Dari sinilah asal usul pertunjukkan wayang, walaupun masih dalam bentuk yang sederhana.
Dalam perkembangannya, fungsi wayang sebagai media untuk menghormati arwah nenek moyang juga mengalami perkembangan.
Saat periode Hindu-Buddha di Indonesia, cerita Ramayana dan Mahabarata berkembang pesat dengan penambahan tokoh-tokoh dalam cerita tersebut yang berakulturasi dengan budaya masyarakat setempat.
Kemudian, muncul pula cerita Panji yang berasal dari era Kerajaan Kadiri atau periode klasik di Jawa yang menceritakan tentang kepahlawanan dan cinta yang berpusat pada dua orang tokoh utamanya.
Tokoh utamanya adalah Raden Inu Kertapati atau Panji Asmarabangun dan Dewi Sekartaji atau Galuh Candrakirana.
Cerita ini mempunyai banyak versi dan telah menyebar di beberapa tempat di Nusantara, termasuk di antaranya Jawa, Bali, Kalimantan, Malaysia, Thailand, Kamboja, Myanmar, dan Filipina.
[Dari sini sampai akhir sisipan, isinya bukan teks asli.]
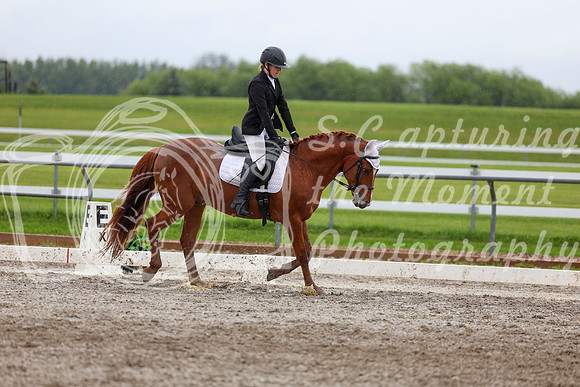 2025 - Dressage Festival - Sunday July 6th - 06164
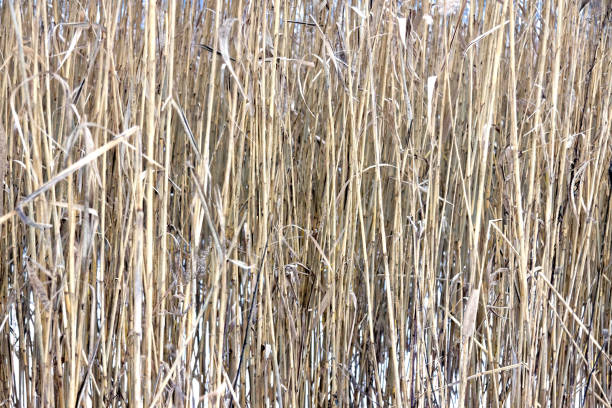 istock Overgrown reeds in winter 916259718
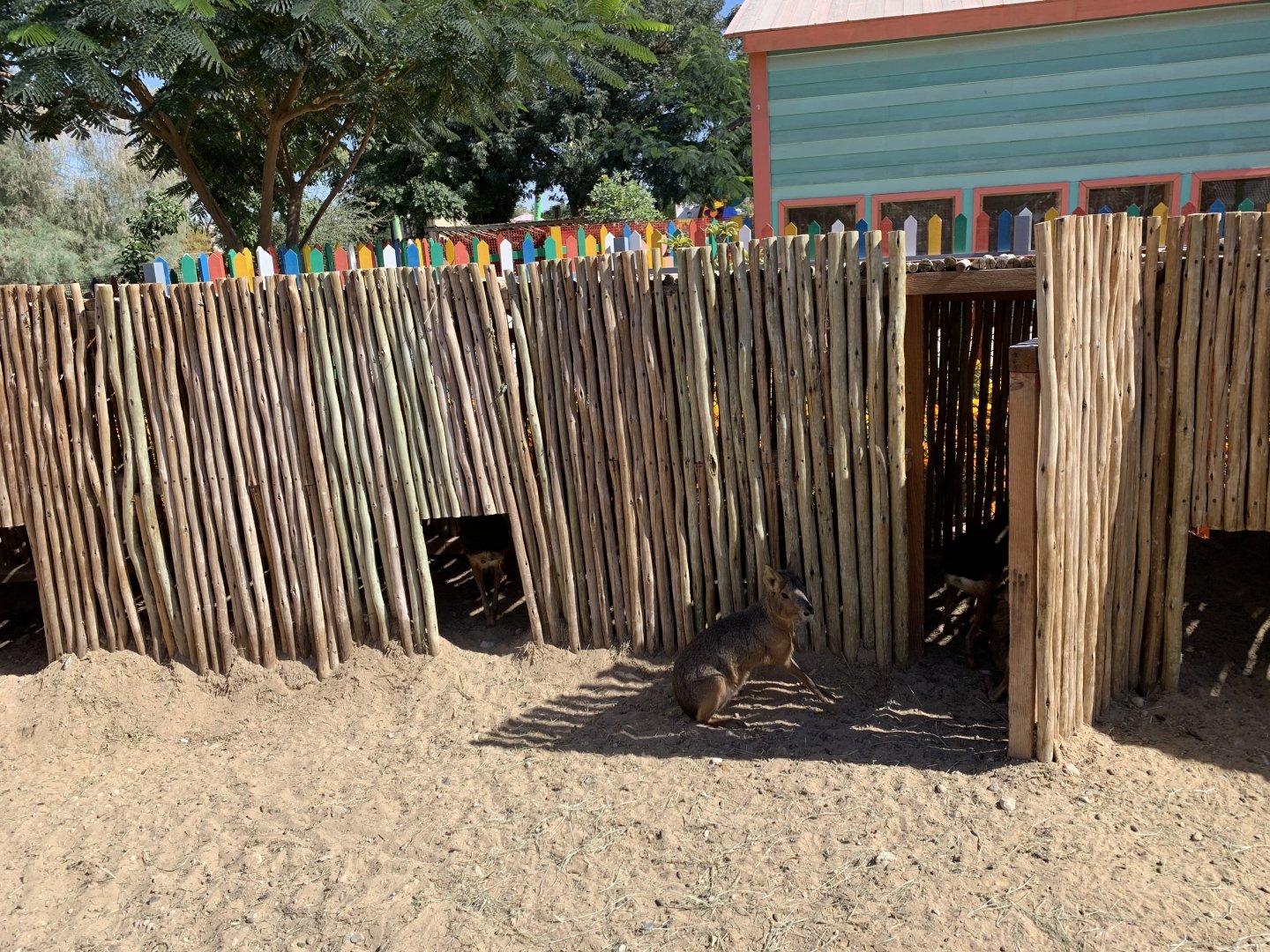 Patagonian Cavy exhibit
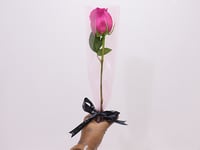041 - صورة 1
Pada mula awal penyebaran agama Islam, wayang dijadikan media dakwah dengan penambahan tokoh-tokoh, pengembangan cerita, termasuk penyesuaian jalan cerita sehingga tidak bertentangan dengan ajaran agama.
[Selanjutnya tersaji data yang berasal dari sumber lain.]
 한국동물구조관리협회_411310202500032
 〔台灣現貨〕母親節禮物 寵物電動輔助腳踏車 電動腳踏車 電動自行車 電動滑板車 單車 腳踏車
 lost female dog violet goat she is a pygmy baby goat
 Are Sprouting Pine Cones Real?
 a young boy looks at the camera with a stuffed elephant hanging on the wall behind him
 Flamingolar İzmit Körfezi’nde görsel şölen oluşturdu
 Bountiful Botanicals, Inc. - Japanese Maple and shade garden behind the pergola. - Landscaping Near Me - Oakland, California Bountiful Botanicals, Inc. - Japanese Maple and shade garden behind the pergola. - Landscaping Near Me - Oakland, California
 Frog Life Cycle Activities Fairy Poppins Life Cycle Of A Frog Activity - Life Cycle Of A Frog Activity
Bahkan, pada era yang lebih modern, wayang lantas digunakan sebagai media propaganda politik.
Seiring berkembangnya zaman, wayang tetap bertahan hidup dan terus mengalami perkembangan yang dipengaruhi oleh agama serta nilai-nilai budaya yang masuk dan berkembang di Indonesia.
Proses akulturasi ini berlangsung sejak lama sehingga seni wayang memiliki daya tahan dan daya kembang yang tinggi.
Jenis wayang di Indonesia
Tidak kurang dari 100 jenis wayang tumbuh dan berkembang di seluruh wilayah Indonesia.
Wayang Kulit Purwa berkembang pesat di Jawa Tengah, Jawa Timur, dan Yogyakarta.
Sementara itu, Wayang Golek Sunda berkembang di Jawa Barat.